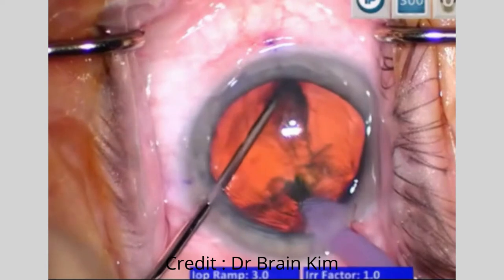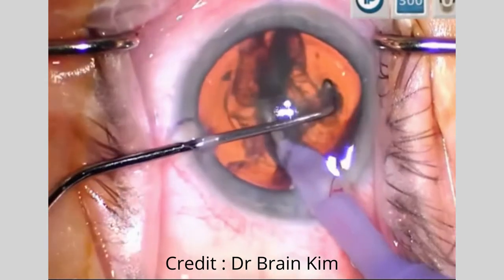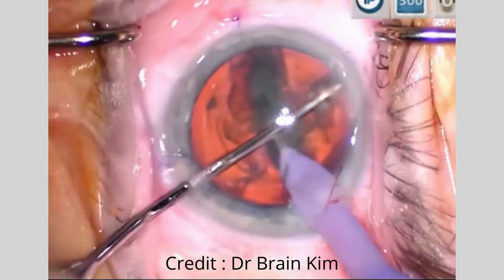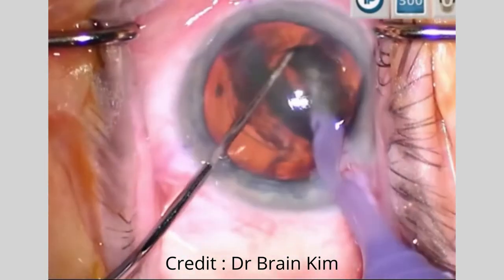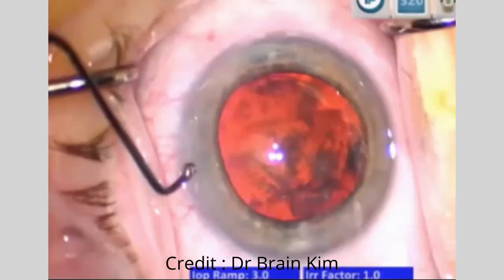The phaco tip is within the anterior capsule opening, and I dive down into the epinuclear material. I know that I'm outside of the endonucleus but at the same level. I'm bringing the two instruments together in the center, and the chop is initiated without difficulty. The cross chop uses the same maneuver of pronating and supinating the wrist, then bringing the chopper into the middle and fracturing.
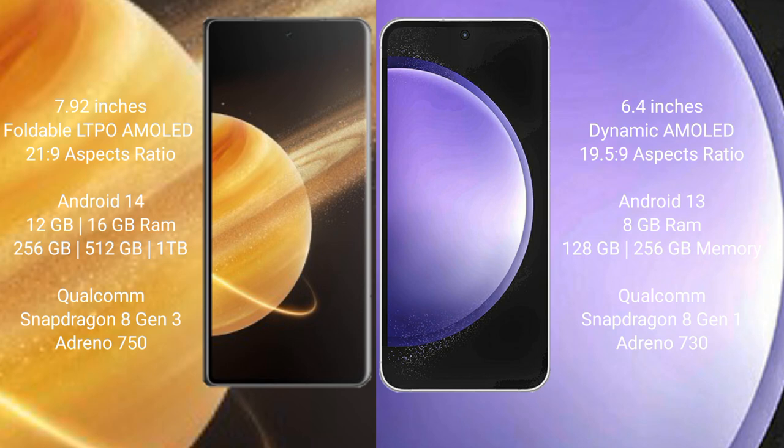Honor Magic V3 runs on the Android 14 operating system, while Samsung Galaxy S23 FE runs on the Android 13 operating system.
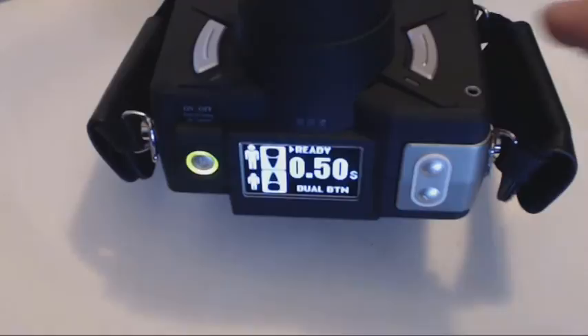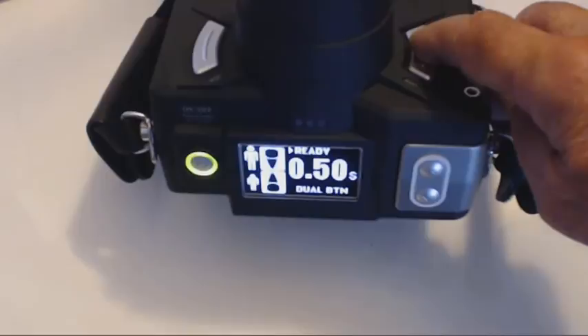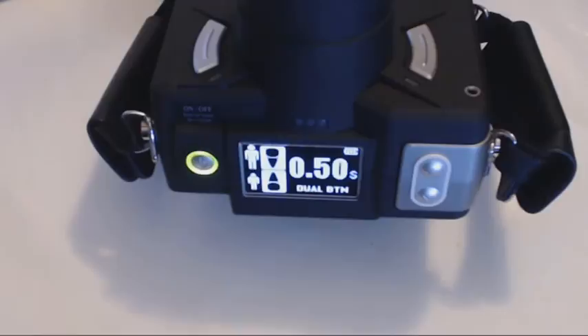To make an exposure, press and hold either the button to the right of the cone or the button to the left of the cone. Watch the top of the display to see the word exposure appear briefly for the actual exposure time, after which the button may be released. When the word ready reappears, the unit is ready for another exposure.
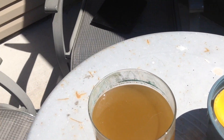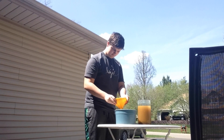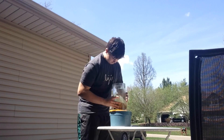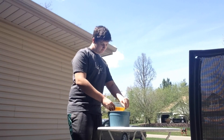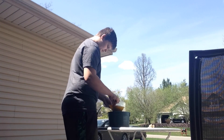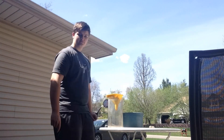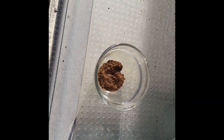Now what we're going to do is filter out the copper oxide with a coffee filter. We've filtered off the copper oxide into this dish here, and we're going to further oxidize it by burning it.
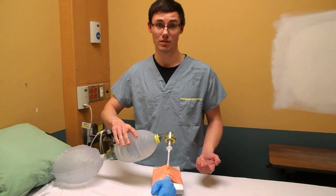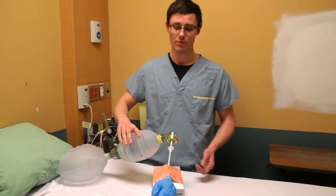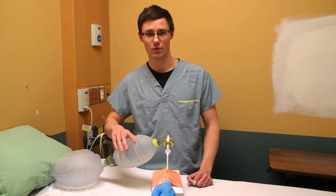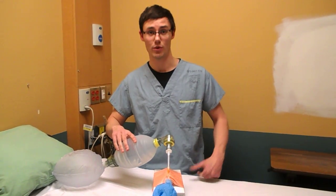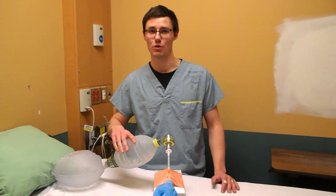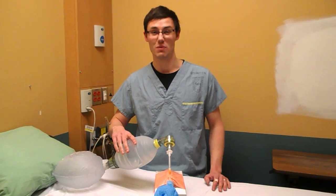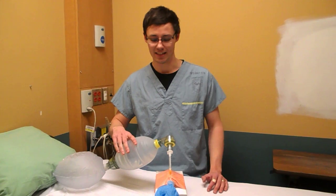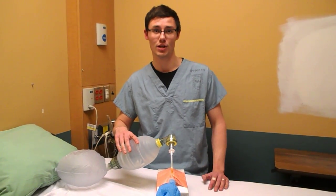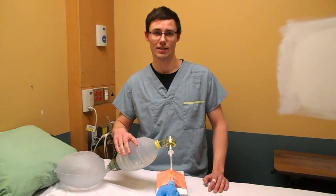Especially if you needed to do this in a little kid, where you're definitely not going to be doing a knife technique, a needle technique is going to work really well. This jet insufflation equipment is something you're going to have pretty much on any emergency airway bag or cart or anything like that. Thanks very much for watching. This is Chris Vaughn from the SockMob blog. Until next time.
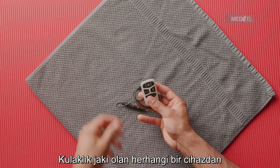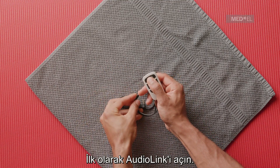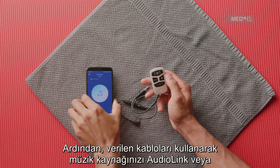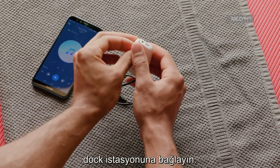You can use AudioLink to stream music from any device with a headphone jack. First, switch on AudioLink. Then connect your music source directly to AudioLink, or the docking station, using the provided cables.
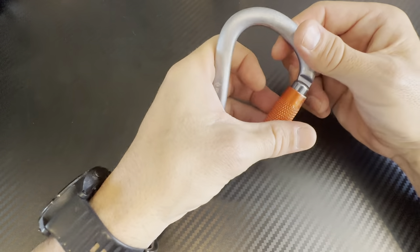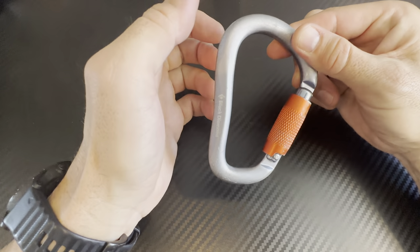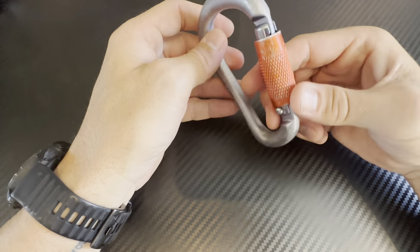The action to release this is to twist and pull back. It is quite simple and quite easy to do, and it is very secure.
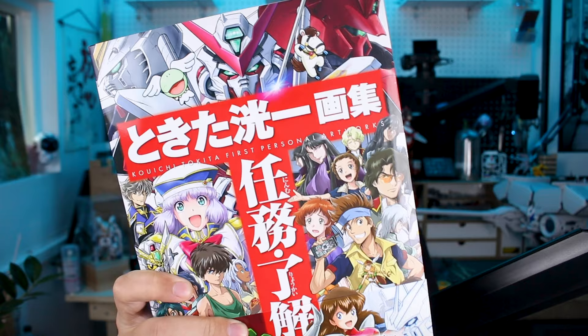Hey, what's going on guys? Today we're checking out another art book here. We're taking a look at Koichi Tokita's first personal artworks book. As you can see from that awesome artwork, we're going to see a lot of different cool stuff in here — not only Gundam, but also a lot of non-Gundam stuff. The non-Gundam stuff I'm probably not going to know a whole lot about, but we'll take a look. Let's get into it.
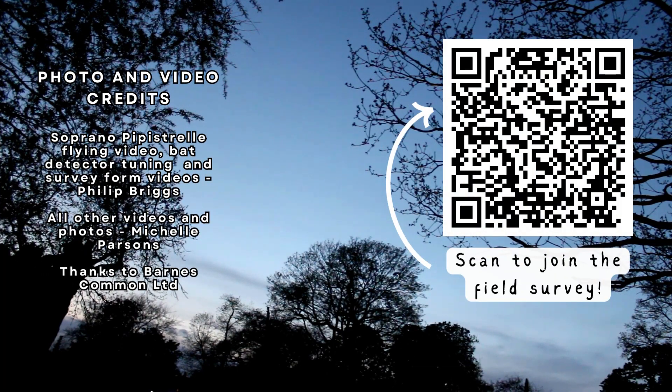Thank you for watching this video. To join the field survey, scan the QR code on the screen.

-------------------------

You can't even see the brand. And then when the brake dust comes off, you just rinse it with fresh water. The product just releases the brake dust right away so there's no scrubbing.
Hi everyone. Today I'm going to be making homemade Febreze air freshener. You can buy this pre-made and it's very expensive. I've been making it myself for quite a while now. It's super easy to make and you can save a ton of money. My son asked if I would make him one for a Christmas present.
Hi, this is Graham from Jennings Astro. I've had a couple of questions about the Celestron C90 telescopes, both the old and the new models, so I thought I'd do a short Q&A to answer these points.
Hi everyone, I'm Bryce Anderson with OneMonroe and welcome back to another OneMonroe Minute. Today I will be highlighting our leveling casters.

-------------------------

-- What you need to do --
Above this instruction are the records; retype exactly the lines from the one containing "Hi, this is" up to and including the one containing "Hi everyone, I'm".

-- Response area --
Hi, this is Graham from Jennings Astro. I've had a couple of questions about the Celestron C90 telescopes, both the old and the new models, so I thought I'd do a short Q&A to answer these points.
Hi everyone, I'm Bryce Anderson with OneMonroe and welcome back to another OneMonroe Minute. Today I will be highlighting our leveling casters.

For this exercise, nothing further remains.